- Buyer's Guide
Interview :: One Bag One World
Carryologists always want the simplest solution to carrying better. But it’s not always that easy, especially when we’re talking about travel. We’ve all been there: pre-trip, looking at our spinner with both hands on our hips as it brims with Ts and jeans and you say to yourself “but I need all of this, just in case…”
That’s where Frank Brown comes in. The editor-in-chief of One Bag, One World, a website dedicated to keeping it simple, and more precisely – One Bag Travel.
Frank has been a one-bag traveler for over 25 years. He’s worked as a TV journalist, talk show host, entertainment industry publicist, restaurant manager, sightseeing tour director, and has more degrees than you can wiggle a finger at, and now he travels the world promoting One Bag Travel.
So we hit him with some questions just before he set out on his epic one-bag adventure and got the scoop on the world of the One Baggers…
Why the one bag?

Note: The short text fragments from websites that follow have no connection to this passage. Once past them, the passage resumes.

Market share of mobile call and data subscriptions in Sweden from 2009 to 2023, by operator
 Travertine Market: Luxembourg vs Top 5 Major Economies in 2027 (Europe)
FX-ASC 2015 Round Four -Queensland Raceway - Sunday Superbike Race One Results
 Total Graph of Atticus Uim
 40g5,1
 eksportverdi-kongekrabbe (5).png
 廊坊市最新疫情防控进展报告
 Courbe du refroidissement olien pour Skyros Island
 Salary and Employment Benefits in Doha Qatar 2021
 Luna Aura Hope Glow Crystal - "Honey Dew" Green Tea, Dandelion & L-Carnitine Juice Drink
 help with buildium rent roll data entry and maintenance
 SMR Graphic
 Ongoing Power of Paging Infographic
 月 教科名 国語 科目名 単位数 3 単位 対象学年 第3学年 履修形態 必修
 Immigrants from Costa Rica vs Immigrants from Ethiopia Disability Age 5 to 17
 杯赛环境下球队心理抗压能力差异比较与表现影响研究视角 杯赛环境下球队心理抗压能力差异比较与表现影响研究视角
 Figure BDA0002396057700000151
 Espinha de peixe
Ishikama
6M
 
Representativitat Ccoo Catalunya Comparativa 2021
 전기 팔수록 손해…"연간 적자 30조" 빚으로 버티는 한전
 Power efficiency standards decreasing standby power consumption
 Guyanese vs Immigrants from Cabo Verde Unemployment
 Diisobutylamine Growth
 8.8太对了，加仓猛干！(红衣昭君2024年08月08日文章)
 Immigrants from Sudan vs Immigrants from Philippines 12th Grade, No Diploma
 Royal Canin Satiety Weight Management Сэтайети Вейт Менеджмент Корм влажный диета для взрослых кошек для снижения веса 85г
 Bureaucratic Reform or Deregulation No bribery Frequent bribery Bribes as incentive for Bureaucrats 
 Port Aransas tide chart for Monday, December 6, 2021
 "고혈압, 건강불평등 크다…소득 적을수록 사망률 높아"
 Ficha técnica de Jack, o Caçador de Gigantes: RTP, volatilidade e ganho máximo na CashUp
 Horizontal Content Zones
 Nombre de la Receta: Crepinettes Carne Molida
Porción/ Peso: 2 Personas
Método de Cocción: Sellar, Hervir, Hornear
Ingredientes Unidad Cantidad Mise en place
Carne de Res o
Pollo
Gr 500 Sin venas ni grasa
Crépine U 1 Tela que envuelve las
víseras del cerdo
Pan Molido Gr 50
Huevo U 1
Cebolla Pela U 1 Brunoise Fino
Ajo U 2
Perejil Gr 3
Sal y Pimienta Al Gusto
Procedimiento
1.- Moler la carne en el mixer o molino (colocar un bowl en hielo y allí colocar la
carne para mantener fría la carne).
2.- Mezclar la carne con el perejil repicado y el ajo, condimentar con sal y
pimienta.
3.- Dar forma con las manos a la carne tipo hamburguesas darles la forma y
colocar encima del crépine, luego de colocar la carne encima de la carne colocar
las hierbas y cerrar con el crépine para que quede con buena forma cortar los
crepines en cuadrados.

What’s wrong with two? Or three?
Those that follow the “One bag” philosophy find that trying to travel with more than one carry-on size bag, and perhaps a smaller personal item, opens them up to problems: lost luggage, theft, delays, injuries and so on. They all seem to have some type of checked luggage horror story. And let’s face it, how many people travel and say they want to take more the next time?
What kinds of people are drawn to one-bag travel?
This surprised me. I thought it would be mostly males in their 20’s to 40’s. I’ve found it’s almost equal between the sexes and the age range is from early 20’s to late 70’s.
What are the core principles behind one-bag travel?
The ultimate goal, we say, is to travel utilizing one carry-on sized bag without wheels. Not everyone can do this due to the nature of their travels, health issues or the items they have to take. At most, we suggest nothing more than an additional personal item/laptop bag or you’ll start getting into difficulty managing the load and being forced to check luggage. We don’t like to check luggage. (Whether or not you like wheels is a personal preference.)
Is there a particular mindset you need to have to succeed?
Yes, having the proper mindset is what makes someone a true “one bag” traveler. There are two parts:
1) The belief that it can be done;
2) The willingness to do laundry every two or three days.
Is it a case of the less you carry, the longer you have to spend planning?
Just the opposite, most one baggers have a core packing list of items they take on every trip and will then add depending on weather, reasons for travel, location, and so on.
What kind of clothes do you choose when packing and why?
I prefer to take clothes that are designed for travel – usually hand-washable blends that dry overnight and are wrinkle-free. I stick to basic colors that can be mixed and matched.
How do you decide to cull items? What makes it a ‘must have’?
This is the hard part and is unique to every trip. I start by making a packing list. I then go down the list and see if there are any items I can get rid of because something else does the same thing. One baggers love items that can do more than one thing.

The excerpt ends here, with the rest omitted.